Who do you know yourself to be?

I have coached hundreds of students. I have also listened to countless hours of other coaches, coaching college students. Some of it has inspired me to my core. Seriously. I have actually heard moments within coaching that were so sublimely executed - with the authentic expression of empathy, followed by the clarity and elegance of a thoughtfully placed question, supported by the poignancy of silence…From this silence, thoughts evolve into words, words transform into insight, and insight leads to action.

These are the insights that serve as the beginning of a rare process through which students start seeing things differently and yes, start knowing themselves differently in relationship to ongoing obstacles. Situational obstacles that for most, aren’t going anywhere anytime soon.

But often, this doesn’t happen.

Often, coaching meetings are kind of boring. And, sometimes that’s perfectly appropriate. Often they’re check-ins, reminders of best habits and practices, the dispensing of knowledge and sharing of resources. Sometimes it’s the championing of students’ motivation as they brace themselves to endure a challenging night, perhaps week, eventual semester, or even life?

It sounds something like this; “I know how hard this is, but I believe in you and know how much this means to you. You’ve got your plan, so make sure to stick to it, and if you need anything, remember, I am here and believe in you!.”

It is so well intentioned.  And, yet it’s not enough.

Having listened to these recorded coaching meetings for the past decade, I am left wringing my hands having heard so many opportunities that were painfully missed. And knowing that a sheer force of will may be enough to get a student through the night, but often not the week, let alone the semester. A student can only “white knuckle it” for so long as the encouraging words of a coach grow increasingly faint when left alone with gnawing self-doubt and overwhelm. The paradox here is that it is precisely a life of obstacles that draw students to enroll in the first place. And it is assumed that it is exactly because of these obstacles that many face unrealized dreams.

What if the culprit however was not always the obstacle, but instead the student’s self-concept or personal narrative when grappling with the obstacle?

The solution is not to rush to a plan, and the solution is not to more deeply connect to a student’s ‘why’. Even the most well laid out plans and the most beautifully articulated personal ‘why’ are vulnerable when students are not operating from an empowered personal sense of “who they know themselves to be”.  It is a coach’s job to know how to navigate that conversation confidently and with agility.

Stay with me here…. You may have heard of the importance of non-cognitive development for students -yeah?  If not, it’s safe to assume you’re becoming more familiar with the concepts of grit and growth mindset? Thank goodness for Angela Duckwork and Carol Dweck who have introduced such fundamental concepts critical to student success. But, who the heck knows how to coach grit and growth mindset?  Who the heck knows how to coach students to develop resilience, self-advocacy, self-efficacy, adaptability and hope?

I do.

Let’s examine this more...Most coaches approach their work with students through the lens of;

  1. Where are you now?

  2. Where do you want to be?

  3. How are you going to get there?

  4. Why do you want this?

Don’t stop asking these questions. They matter. But, they are not even close to being enough.

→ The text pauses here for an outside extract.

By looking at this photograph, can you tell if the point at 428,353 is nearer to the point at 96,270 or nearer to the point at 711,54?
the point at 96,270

What if your coaches asked questions designed to inquire into ‘who students know themselves to be, or who they see themselves becoming’?  Here’s what this might sound like:

  1. Share a time when something was really hard, but you somehow saw your way through?

  2. What qualities did you rely on to persevere?

  3. Who in your life also knows this about you, and what more would they add?

  4. How does this match up with who you know yourself to be, when you’re at your best?

  5. When things get hard, how will knowing this about yourself make a difference?

This is just a small sample, but it demonstrates that knowing how to engage in coaching conversations includes knowing what to ask and why. It starts with giving space for students to update personal narratives that are no longer serving them and developing the non-cognitive skills that not surprisingly are huge predictors of success for your college students.

Currently, most coaches are not equipped to do this - yet. Does this feel like a heavy lift?  I love being able to tell you that in fact, it is not.